La classifica delle aziende Bio alla vigilia di Sana
“Sfida aperta nel bio”, uno studio di Pambianco: attratte dalla crescita double digit del comparto entrano in gioco le grandi aziende generaliste
di Donato Troiano
Ultima Modifica: 02/09/2019
Mentre si avvicina a BolognaFiere, l’apertura di Sana, e domani 3 settembre, si terrà la Conferenza stampa di presentazione del programma “Dalla Rivozione Verde alla rivoluzione Bio”, esce il primo studio di Pambianco Strategie di Impresa sui fatturati delle dieci aziende italiane leader del comparto BIO.
I consumi bio nel 2018 sono cresciuti a doppia cifra (+14% nei primi sette mesi dell’anno nella sola gdo, secondo le ultime rilevazioni di Osservatorio Sana), ma il beneficio derivante da questo boom, per le aziende specializzate nella trasformazione dei prodotti da agricoltura biologica, è limitato.
Ad affermarlo è il primo studio di Pambianco che, messe assieme, hanno incassato lo scorso anno oltre 400 milioni di euro, ottenendo una progressione leggermente superiore all’1%. Un piccolo passo in avanti se confrontato con il grande passo fatto dal comparto green, che certamente non soddisfa i diretti interessati, come del resto non li accontenta il risultato legato alla redditività in generale e ancor più se confrontato con quella dell’esercizio precedente: la percentuale di ebitda sul fatturato nel 2018 è stata pari al 6% contro il 7% del 2017.

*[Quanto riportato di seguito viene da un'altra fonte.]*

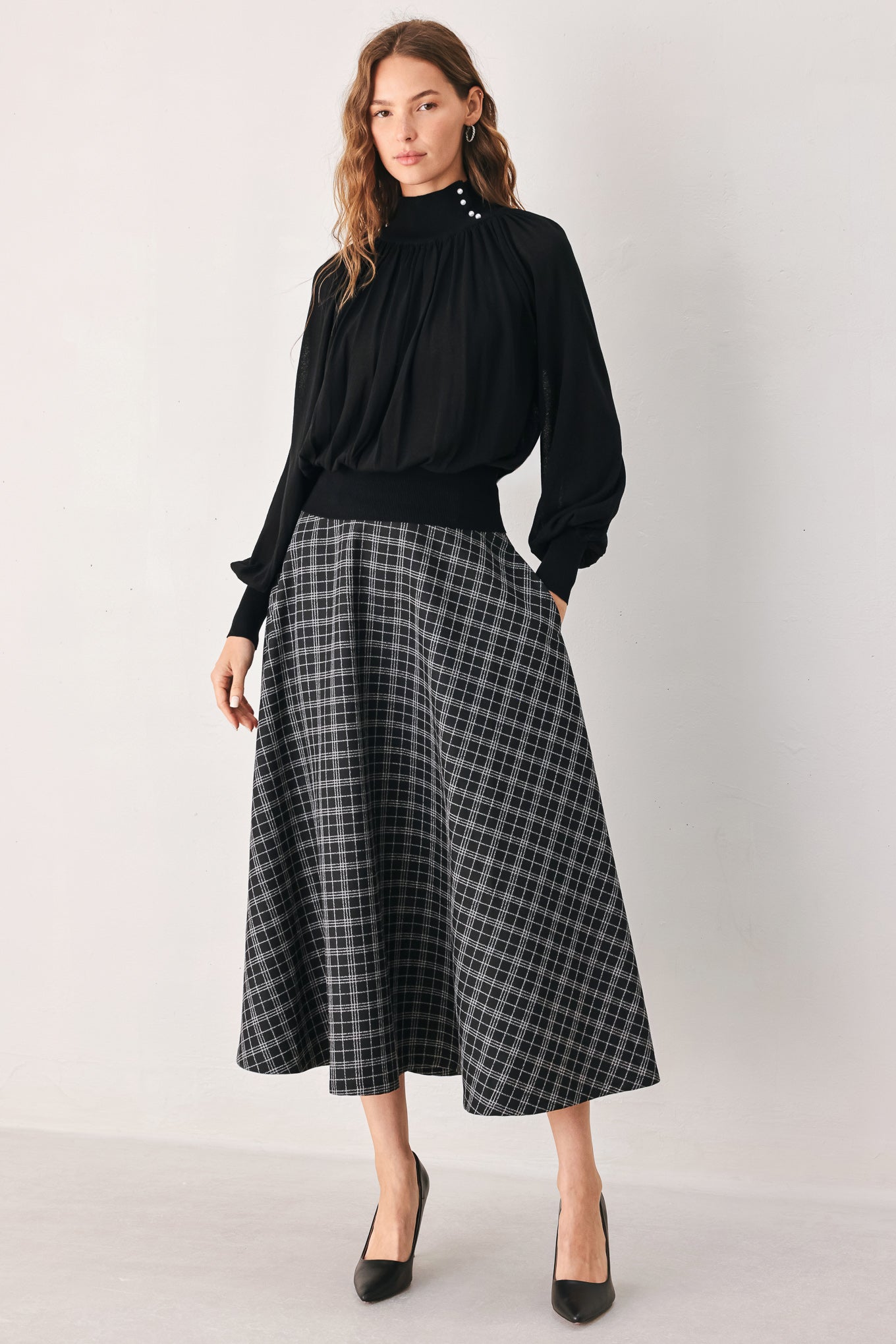 A woman wearing a black long-sleeve blouse with a high gathered neckline and pearl-like embellishments | FREEMARKET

La spiegazione per questo rallentamento, secondo quanto affermano le aziende specializzate nell’ambito bio, va ricercata nella competizione messa in atto dai produttori generalisti, alcuni dei quali hanno fatto breccia in un mercato sempre più promettente, aprendo una parte di trasformazione bio (pur senza abbandonare il convenzionale) proprio per assecondare le richieste dei consumatori finali. In questo contesto, al di là dei singoli casi, la lieve crescita complessiva è stata ottenuta dagli specialisti proprio sacrificando i margini, scelta necessaria per poter competere con le aziende che operano anche nel convenzionale e che, per dimensioni, possono far leva sul prezzo.

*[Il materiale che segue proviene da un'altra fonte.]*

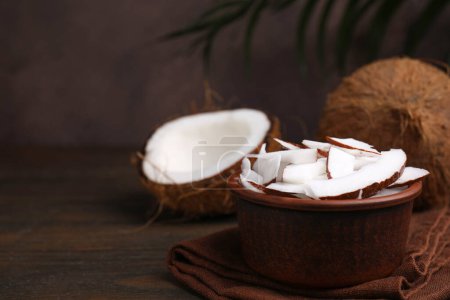Coconut pieces in bowl and nuts on wooden table, space for text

Il leader italiano del biologico è Rigoni di Asiago, con 112,5 milioni di ricavi realizzati al termine di un anno caratterizzato da un lieve calo di vendite, ma durante il quale l’azienda vicentina amministrata da Andrea Rigoni ha posto le basi per la propria crescita futura, inserendo il nuovo socio Kharis Capital (con quota di minoranza rafforzata) in sostituzione del Fondo Italiano di Investimento per poi ottenere, a marzo 2019, un finanziamento di 50 milioni di euro da un pool di banche che verrà utilizzato per potenziare l’export, che vale attualmente quasi il 40% del fatturato complessivo.
Al secondo e terzo posto della classifica, divisi da meno di un milione di euro, troviamo Alce Nero e Brio. La prima, nome storico del biologico made in Italy, ha incassato 74,3 milioni di euro con un incremento di circa il 2% che dopo due esercizi con il turbo, conclusi rispettivamente al +25% nel 2017 e +45% nel 2016, può essere interpretato come un ottimo consolidamento.

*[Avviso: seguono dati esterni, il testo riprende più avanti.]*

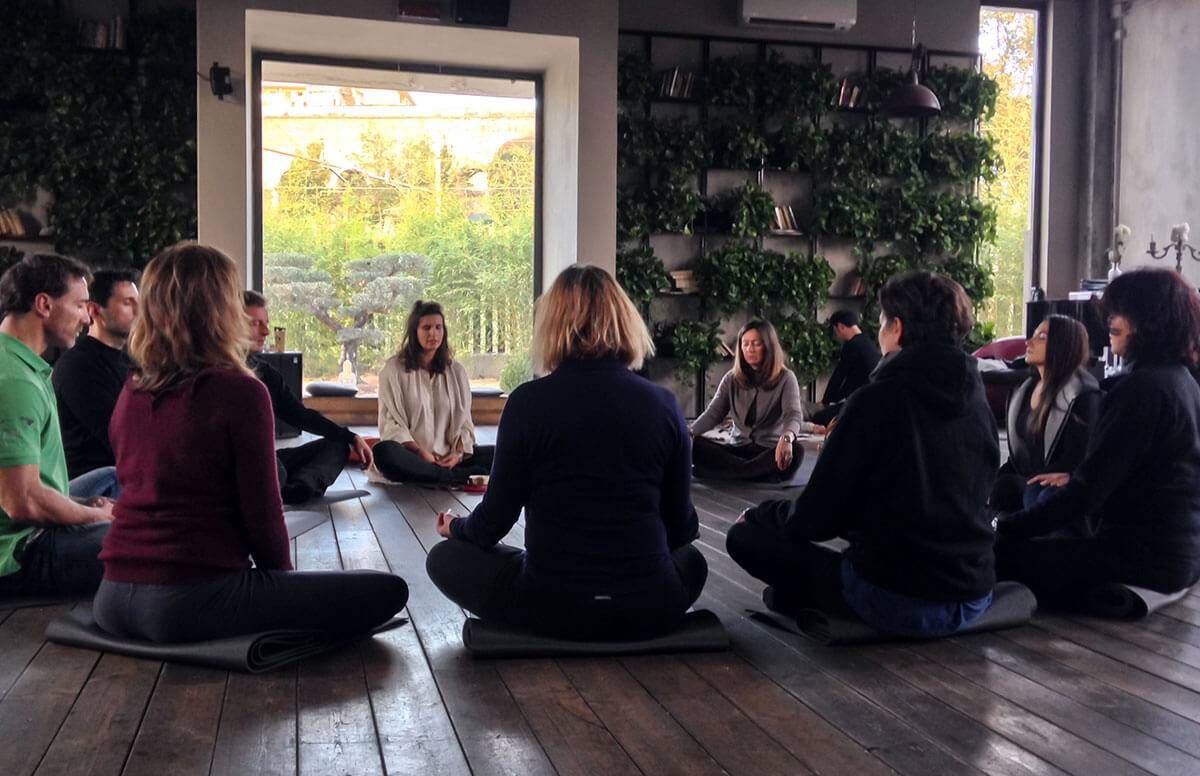 A group of adults sitting in a circle, meditating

Assolutamente significativo è anche il risultato di Brio, terzo player italiano del bio, che ha chiuso a 73,5 milioni di ricavi con un balzo dell’11,5% anno su anno, ottenendo però la crescita in assenza di marginalità.
Al quarto posto della classifica si posiziona l’azienda protagonista del “colpo” più importante dell’anno ovvero la siciliana Damiano, specializzata nella trasformazione della frutta secca bio, forte di un giro d’affari di oltre 45 milioni di euro. A fine luglio, Damiano è stata acquisita da Progressio Investimenti III, fondo gestito da Progressio sgr, e rappresenta in qualche modo l’eccezione alla regola non solo per capacità di attrazione verso gli investitori, ma anche perché, in un anno complesso, ha ottenuto un incremento del 16,5% di fatturato con una marginalità prossima al 10% dei ricavi.
Al quinto posto si inserisce Probios, realtà ormai consolidata nella distribuzione degli alimenti biologici vegetariani, presente anche in Germania con la consociata Probios Deutschland che ha chiuso l’esercizio con poco più di 25 milioni di ricavi. A seguire, la classifica è completata da Natura Nuova, Sarchio, Scaldasole, Germinal Italia e Poggio del Farro. Tra queste aziende si distingue per risultato Poggio del Farro, realtà di Firenzuola (Firenze) specializzata negli alimenti bio a base di farro, che è stata in grado di realizzare una crescita di quasi il 20% ottenendo al tempo stesso il più importante ebitda percentuale del comparto (18% sul fatturato).